The present application can be best understood by reference to the following description taken in conjunction with the accompanying figures, in which like parts may be referred to by like numerals.
The Figures described above are a representative set and are not exhaustive with respect to embodying the invention.
Disclosed are a system, method, and article of manufacture for algorithm synthesis using algebraic topological techniques. The following description is presented to enable a person of ordinary skill in the art to make and use the various embodiments. Descriptions of specific devices, techniques, and applications are provided only as examples.

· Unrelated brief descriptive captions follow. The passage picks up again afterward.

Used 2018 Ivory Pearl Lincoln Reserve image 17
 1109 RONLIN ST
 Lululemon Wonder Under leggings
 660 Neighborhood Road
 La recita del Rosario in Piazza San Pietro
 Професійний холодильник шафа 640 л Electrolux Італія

Various modifications to the examples described herein will be readily apparent to those of ordinary skill in the art, and the general principles defined herein may be applied to other examples and applications without departing from the spirit and scope of the various embodiments.
Reference throughout this specification to “one embodiment,” “an embodiment,” “one example,” or similar language means that a particular feature, structure, or characteristic described in connection with the embodiment is included in at least one embodiment of the present invention. Thus, appearances of the phrases “in one embodiment,” “in an embodiment,” and similar language throughout this specification may, but do not necessarily, all refer to the same embodiment.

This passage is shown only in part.